Assigned task
Scan the data. Collect each line that contains the word "with".

(Web page caption snippets)
◆ ◆ ◆ ◆

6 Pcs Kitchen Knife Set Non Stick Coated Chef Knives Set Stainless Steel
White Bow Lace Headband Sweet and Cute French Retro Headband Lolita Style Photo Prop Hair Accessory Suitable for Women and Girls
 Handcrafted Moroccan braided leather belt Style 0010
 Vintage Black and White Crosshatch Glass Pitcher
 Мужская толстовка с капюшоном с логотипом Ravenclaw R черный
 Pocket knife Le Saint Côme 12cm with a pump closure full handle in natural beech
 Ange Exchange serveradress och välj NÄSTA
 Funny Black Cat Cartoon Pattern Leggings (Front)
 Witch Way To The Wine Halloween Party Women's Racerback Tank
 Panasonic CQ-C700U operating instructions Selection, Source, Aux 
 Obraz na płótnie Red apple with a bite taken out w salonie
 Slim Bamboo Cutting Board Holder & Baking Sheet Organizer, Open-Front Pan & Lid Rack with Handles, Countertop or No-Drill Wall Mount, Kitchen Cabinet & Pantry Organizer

◆ ◆ ◆ ◆

Solution
 Pocket knife Le Saint Côme 12cm with a pump closure full handle in natural beech
 Obraz na płótnie Red apple with a bite taken out w salonie
 Slim Bamboo Cutting Board Holder & Baking Sheet Organizer, Open-Front Pan & Lid Rack with Handles, Countertop or No-Drill Wall Mount, Kitchen Cabinet & Pantry Organizer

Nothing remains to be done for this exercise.